Cette évolution du répertoire d’action scientifique de l’AFSP traduit à sa manière la capacité d’adaptation de l’association à un paysage académique qui a déjà profondément changé depuis sa création. Elle atteste aussi de sa volonté de trouver un équilibre – probablement impossible à trouver – entre ses aspirations scientifiques et son besoin, ancien comme présent, de reconnaissance publique5.

 

Notice historique rédigée par Yves Déloye


Notes


  1. Ce dont témoigne aussi bien le fait que les premières Journées d’études de l’AFSP soient presque systématiquement précédées d’un questionnaire d’enquêtedont le dépouillement doit aider à orienter le dispositif de recherche mis en œuvre ou encore que l’association lance, dans les premières années de son activité, plusieurs enquêtes documentaires visant à faire l’état des connaissances dans un domaine donné. 

  2. Sur le CERAT, voir A.-C. Douillet & J.-P. Zuanon, dir., 40 ans de recherches en sciences sociales : Regards sur le CERAT 1963-2003, Grenoble, PUG, Coll. « Symposium », 2004. 

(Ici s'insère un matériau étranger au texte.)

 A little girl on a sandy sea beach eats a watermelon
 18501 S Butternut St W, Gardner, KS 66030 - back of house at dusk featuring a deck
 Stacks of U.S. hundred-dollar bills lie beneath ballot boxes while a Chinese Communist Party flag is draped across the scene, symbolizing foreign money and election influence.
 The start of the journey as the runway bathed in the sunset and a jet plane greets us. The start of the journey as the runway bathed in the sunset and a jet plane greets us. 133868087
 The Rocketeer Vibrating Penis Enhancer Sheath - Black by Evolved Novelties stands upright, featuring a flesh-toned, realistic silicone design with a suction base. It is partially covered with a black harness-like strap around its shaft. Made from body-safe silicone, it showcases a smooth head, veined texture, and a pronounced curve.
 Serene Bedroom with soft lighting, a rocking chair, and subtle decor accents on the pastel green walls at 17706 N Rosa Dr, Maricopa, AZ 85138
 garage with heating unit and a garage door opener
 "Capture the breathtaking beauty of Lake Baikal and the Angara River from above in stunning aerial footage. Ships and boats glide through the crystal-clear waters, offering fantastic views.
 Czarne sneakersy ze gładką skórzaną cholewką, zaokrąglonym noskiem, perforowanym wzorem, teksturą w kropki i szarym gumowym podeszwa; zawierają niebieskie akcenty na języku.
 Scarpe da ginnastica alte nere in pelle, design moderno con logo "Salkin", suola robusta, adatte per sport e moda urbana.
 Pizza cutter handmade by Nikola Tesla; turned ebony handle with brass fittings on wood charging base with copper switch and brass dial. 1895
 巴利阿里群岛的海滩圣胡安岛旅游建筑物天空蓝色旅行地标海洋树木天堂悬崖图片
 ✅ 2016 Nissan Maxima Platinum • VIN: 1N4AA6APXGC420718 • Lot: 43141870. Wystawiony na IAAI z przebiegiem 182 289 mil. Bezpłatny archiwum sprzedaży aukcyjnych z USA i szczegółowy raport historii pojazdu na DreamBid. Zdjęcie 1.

  3. Ce présentisme contribue peut-être à expliquer le « retrait sur le présent » qui marque alors la science politique française et de manière plus générale, selon Norbert Elias et quelques autres, les sciences sociales de cette époque. Voir ici son article célèbre : « The Retreat of Sociologists into the Present », Theory, Culture & Society, 4, 1987, p. 223-247, traduit dans Genèses, 52, 2003, p. 133-151

  4. De son côté, la Revue Française de Science Politique publie, dès 1970, deux articles consacrés à la « crise de mai-juin 1968 » : respectivement sous la plume de Gérard Adam, « Etude statistique des grèves de mai-juin 1968 », 20(1), p. 105-119 et sous la plume de Philippe Bénéton et Jean Touchard, « Les interprétations de la crise de mai-juin 1968 », 20(3), p. 503-544. 

  5. Si l’effectif des membres de l’AFSP s’élève à 121 en 1957, il atteint près de 330 en 1968 dont une vingtaine à titre étranger (Archives AFSP, Fonds historique, carton 1 AFSP 4 ter, liste des membres en juin 1968). Notons dans ce registre des adhésions à l’association, le fait que, lors de la réunion du Conseil d’Administration de l’AFSP du 25 janvier 1968, ce dernier exprime le souhait d’accueillir dans l’association Jean-Luc Parodi, futur Secrétaire général de l’AFSP de 1980 à 1999.